Torres também rebateu a acusação de que tinha usado a Polícia Rodoviária Federal para dificultar as votações no segundo turno das eleições de 2022. E lembrou que, mantendo a autonomia da PRF, foram apreendidos valores a serem usados na compra de voto. Acrescentou ainda que jamais contestou os resultados das urnas e que, inclusive, foi o primeiro ministro a cooperar na transição de governos.
Torres também fez esclarecimentos sobre vandalismo, tentativas de atentado e acampamentos em frente ao quartel-general do Exército, com efetividade para manter a ordem. Segundo ele, uma de suas primeiras ações como secretário de Segurança do DF foi tratar do desmonte dos acampamentos em frente ao QG do Exército em Brasília, que estava sendo planejado para o dia 10 de janeiro.
Por fim, ele destacou o plano para proteger os prédios públicos definido no Protocolo de Ação Integrado (PAI), acordado por diversos órgãos de segurança do DF e federais, não foi cumprido. "Importante ainda relembrar que o Protocolo de Ações Integradas previa o fechamento da Esplanada em alguns casos. O que posso afirmar com toda segurança é que houve falha grave na execução do PAI. Se tivessem cumprido à risca o Plano os atos de vandalismo do dia 8 de janeiro não teriam sido consumados", afirmou Torres, acrescentando que até o dia 6 à noite ele não teve qualquer informação oficial indicando que haveria ações radicais em 8 de janeiro.
"O Protocolo de Ações Integradas (PAI) é tão completo que não possibilitaria os ocorridos do 8 de janeiro. Por isso viajei tranquilo para os EUA, sem indícios de ameaças graves. Caso contrário nem teria viajado. Já disse que a Praça ficaria isolada e somente a queda de uma bomba poderia ameaçar os prédios", disse.
O senador Izalci Lucas (PSDB-DF) questionou Torres sobre o eventual extravio de dezenas de alertas de invasões no Ministério da Justiça, comandado por Flávio Dino. Torres disse que a estrutura funcional da pasta até a sua gestão não criaria dificuldades para circular as informações. Ele estranhou também a resistência de Dino em compartilhar as imagens de sua sede no dia, contudo, não quis responsabilizar o governo diretamente pelo não acionamento da Força Nacional. “Isso precisa ser apurado”, disse.
Já o deputado Delegado Ramagem (PL-RJ) perguntou ao ex-ministro se houve omissão da secretaria de segurança do Distrito Federal e se ele tinha comando direto para acionar soldados.
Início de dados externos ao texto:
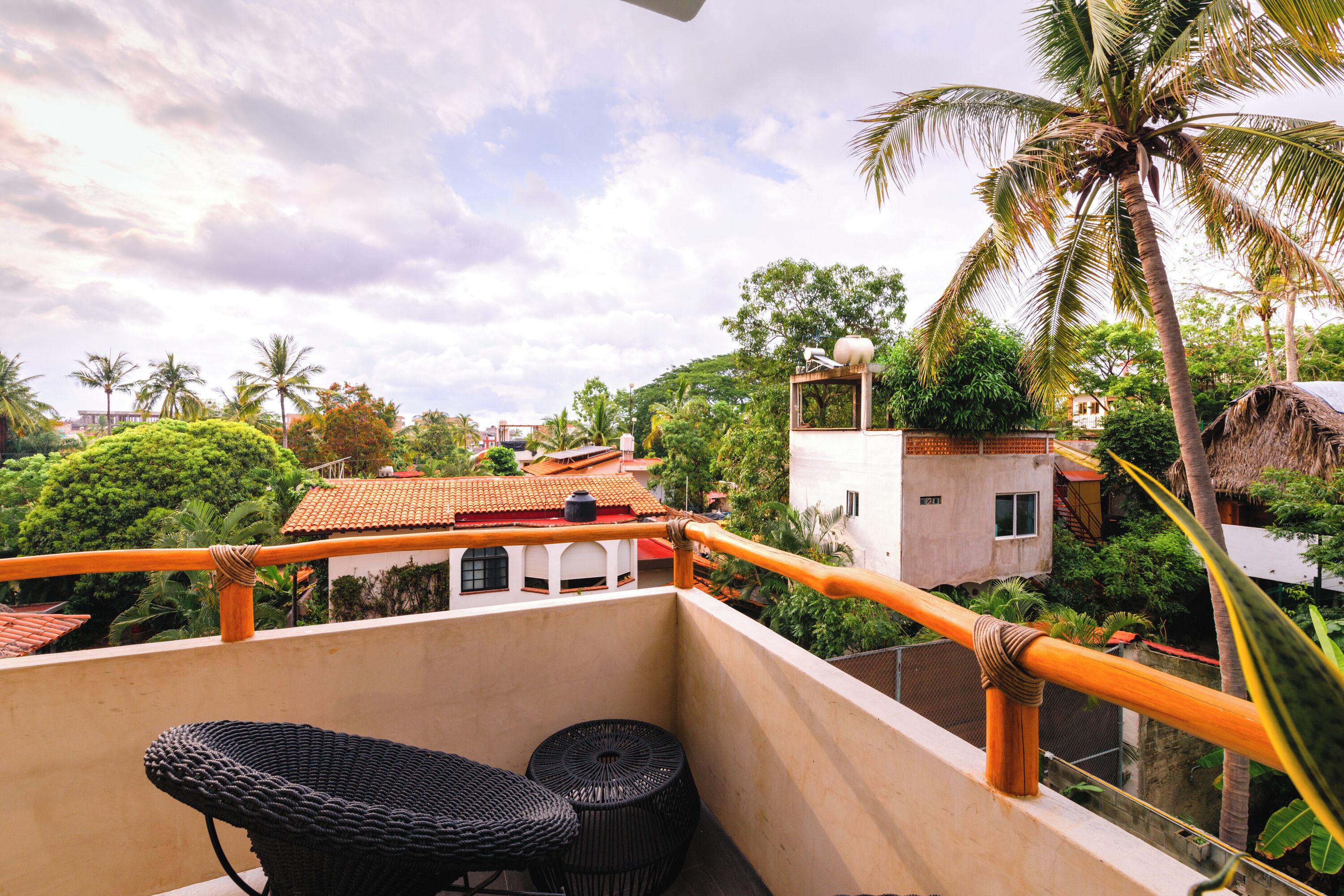 A balcony with a wicker chair and a small table, overlooking a residential area with palm trees and houses.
Torres, que ficou preso por quatro meses acusado de omissão, confirmou que não poderia receber as imputações. O parlamentar lembrou que dos 800 homens disponíveis da guarda presidencial e força nacional, foram alocados apenas 30 para proteger prédios da jurisdição federal e tarde demais.
"Se tivesse recebido alerta sobre vandalismo, não teria viajado", diz Torres
Torres contou também que sua passagem para os Estados Unidos, onde estava no dia 8 de janeiro com a família, havia sido comprada em novembro. Afirmou ainda que se surpreendeu com os "fatos repugnantes" de depredação das sedes dos Três Poderes. "Se eu tivesse recebido qualquer alerta ou informe de inteligência indicando o risco eminente de violência e vandalismo eu não teria viajado", afirmou.
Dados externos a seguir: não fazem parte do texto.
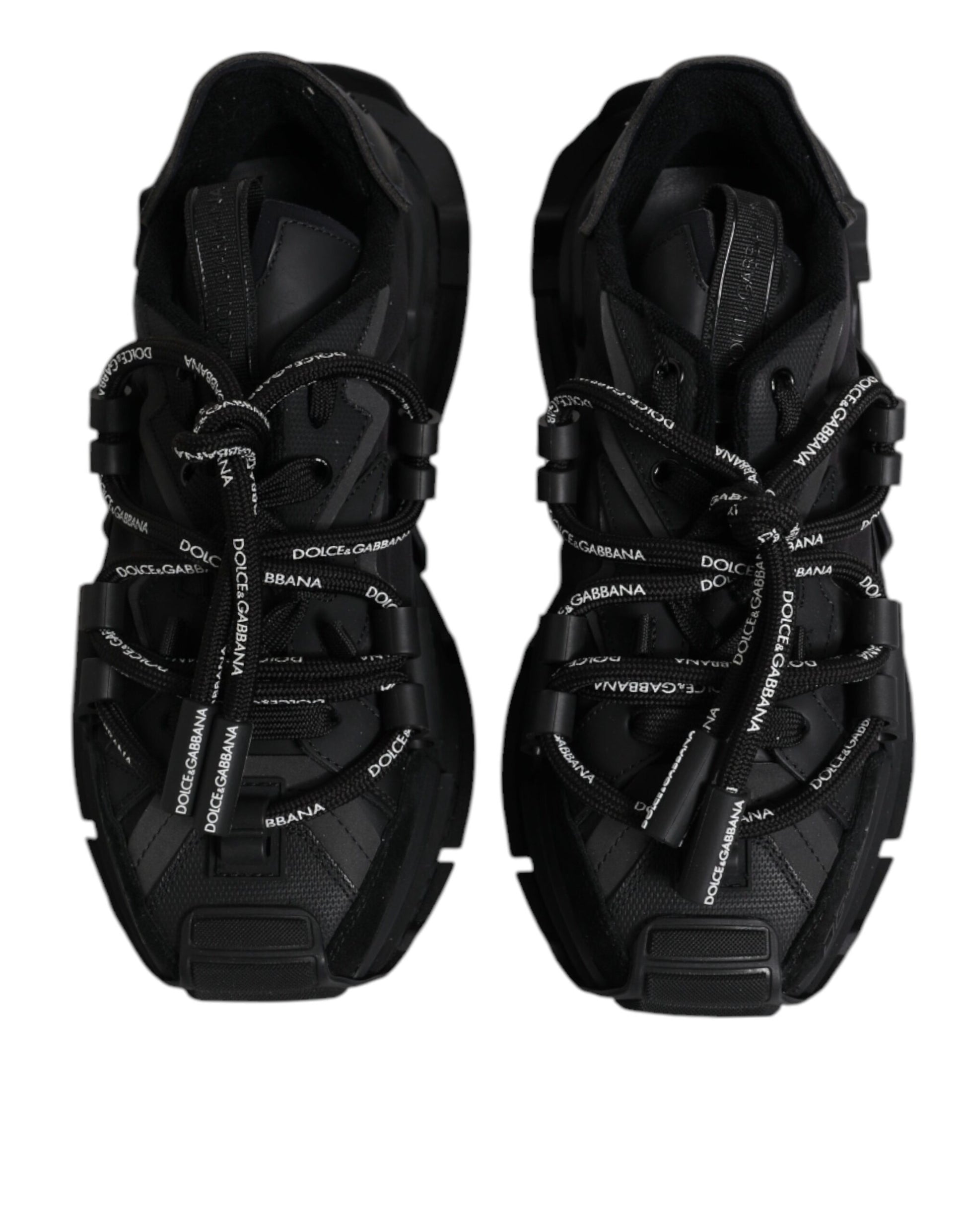 Pair of black athletic shoes with white laces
O delegado da Polícia Federal relatou sua experiência profissional e disse que sempre atuou de forma técnica, profissional e dentro da lei e que coopera com a elucidação dos fatos relacionados ao 8 de janeiro. Ele destacou suas ações contra o tráfico de drogas e crimes que afetam as populações mais carentes e indivíduos mais indefesos. Aproveitou para criticar operações policiais marcadas por espetacularização e vazamentos seletivos.
O ex-ministro da Justiça também foi questionado sobre o atentado a bomba nos arredores do aeroporto de Brasília em 24 de dezembro e os tumultos em frente à sede da Polícia Federal após a prisão do cacique Serere Xavante, em 12 de dezembro do ano passado.
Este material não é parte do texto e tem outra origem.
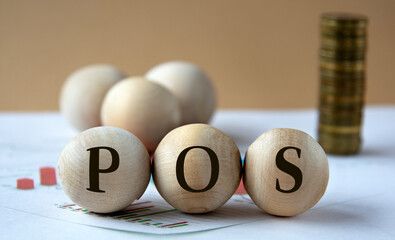POS - abbreviation on wooden balls on a background of coins and graphics.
Torres afirmou que a tentativa de invasão da Polícia Federal em 12 de dezembro foi impedida e os responsáveis presos dias depois. Sobre a tentativa de atentado a bomba em 24 de dezembro, informou que chegou a colocar a aparato do ministério à disposição, mas a polícia civil do Distrito Federal solucionou sozinha a questão.
O presidente da comissão, deputado Arthur Maia (União Brasil-BA), decidiu que Torres poderia ser inquirido pelos senadores Flávio Bolsonaro e Marcos do Val, apesar das restrições de contato determinadas pelo Supremo Tribunal Federal (STF).
Torres nega operações da PRF para inibir votações no Nordeste em outubro de 2022
Em resposta à relatora da CPMI, senadora Eliziane Gama (PSD-MA), Torres descartou ter conhecimento da abertura de empresas suspeitas de financiar atos de vandalismo ou golpistas. Ele também negou que tratou de operações da Polícia Rodoviária Federal (PRF) para inibir votações em Lula no Nordeste.
Sua presença em Salvador cinco dias antes do segundo turno se devia, segundo ele, à entrega de novas instalações da Polícia Federal. Ele disse ainda que não teve contato com comando local da PRF e destacou que a PF e a PRF cumpriram o seu papel institucional nas eleições. O ex-ministro negou ter sofrido ingerência do ex-presidente Jair Bolsonaro durante seus 20 meses de gestão no ministério da Justiça.
A CPMI já tratou deste assunto no primeiro semestre, quando ouviu o ex-diretor-geral da Polícia Rodoviária Federal (PRF) Silvinei Vasques. Na ocasião, Vasques disse aos parlamentares que há uma “falsa narrativa” da esquerda sobre blitze realizadas nas rodovias no Nordeste durante o segundo turno das eleições de 2022.